Please write out all of the entries without altering anything.

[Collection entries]
-.-.-
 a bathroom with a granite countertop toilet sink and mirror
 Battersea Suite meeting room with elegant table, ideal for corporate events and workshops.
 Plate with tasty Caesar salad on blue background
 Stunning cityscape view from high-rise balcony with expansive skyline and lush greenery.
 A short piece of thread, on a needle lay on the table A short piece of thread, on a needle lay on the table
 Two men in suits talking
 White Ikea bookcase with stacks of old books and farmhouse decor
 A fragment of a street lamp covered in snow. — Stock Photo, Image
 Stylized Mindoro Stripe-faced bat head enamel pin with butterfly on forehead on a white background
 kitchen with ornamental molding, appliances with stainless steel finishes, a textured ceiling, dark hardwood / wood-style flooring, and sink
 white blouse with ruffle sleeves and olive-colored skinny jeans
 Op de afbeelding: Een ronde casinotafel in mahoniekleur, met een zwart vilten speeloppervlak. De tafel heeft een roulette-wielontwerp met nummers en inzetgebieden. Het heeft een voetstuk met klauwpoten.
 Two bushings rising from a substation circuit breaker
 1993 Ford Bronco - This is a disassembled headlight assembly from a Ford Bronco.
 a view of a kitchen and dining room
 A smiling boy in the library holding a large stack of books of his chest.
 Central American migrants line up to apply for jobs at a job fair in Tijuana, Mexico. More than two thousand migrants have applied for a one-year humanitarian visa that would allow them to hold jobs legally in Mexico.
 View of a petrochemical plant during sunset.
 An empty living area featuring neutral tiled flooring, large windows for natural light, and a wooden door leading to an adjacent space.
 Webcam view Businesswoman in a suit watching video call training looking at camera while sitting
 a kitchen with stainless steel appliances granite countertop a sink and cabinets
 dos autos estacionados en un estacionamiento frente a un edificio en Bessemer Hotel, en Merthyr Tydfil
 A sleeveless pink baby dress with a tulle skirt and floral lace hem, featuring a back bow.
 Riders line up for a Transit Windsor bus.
-.-.-
■ **Answer for this exercise**
 a bathroom with a granite countertop toilet sink and mirror
 Battersea Suite meeting room with elegant table, ideal for corporate events and workshops.
 Plate with tasty Caesar salad on blue background
 Stunning cityscape view from high-rise balcony with expansive skyline and lush greenery.
 A short piece of thread, on a needle lay on the table A short piece of thread, on a needle lay on the table
 Two men in suits talking
 White Ikea bookcase with stacks of old books and farmhouse decor
 A fragment of a street lamp covered in snow. — Stock Photo, Image
 Stylized Mindoro Stripe-faced bat head enamel pin with butterfly on forehead on a white background
 kitchen with ornamental molding, appliances with stainless steel finishes, a textured ceiling, dark hardwood / wood-style flooring, and sink
 white blouse with ruffle sleeves and olive-colored skinny jeans
 Op de afbeelding: Een ronde casinotafel in mahoniekleur, met een zwart vilten speeloppervlak. De tafel heeft een roulette-wielontwerp met nummers en inzetgebieden. Het heeft een voetstuk met klauwpoten.
 Two bushings rising from a substation circuit breaker
 1993 Ford Bronco - This is a disassembled headlight assembly from a Ford Bronco.
 a view of a kitchen and dining room
 A smiling boy in the library holding a large stack of books of his chest.
 Central American migrants line up to apply for jobs at a job fair in Tijuana, Mexico. More than two thousand migrants have applied for a one-year humanitarian visa that would allow them to hold jobs legally in Mexico.
 View of a petrochemical plant during sunset.
 An empty living area featuring neutral tiled flooring, large windows for natural light, and a wooden door leading to an adjacent space.
 Webcam view Businesswoman in a suit watching video call training looking at camera while sitting
 a kitchen with stainless steel appliances granite countertop a sink and cabinets
 dos autos estacionados en un estacionamiento frente a un edificio en Bessemer Hotel, en Merthyr Tydfil
 A sleeveless pink baby dress with a tulle skirt and floral lace hem, featuring a back bow.
 Riders line up for a Transit Windsor bus.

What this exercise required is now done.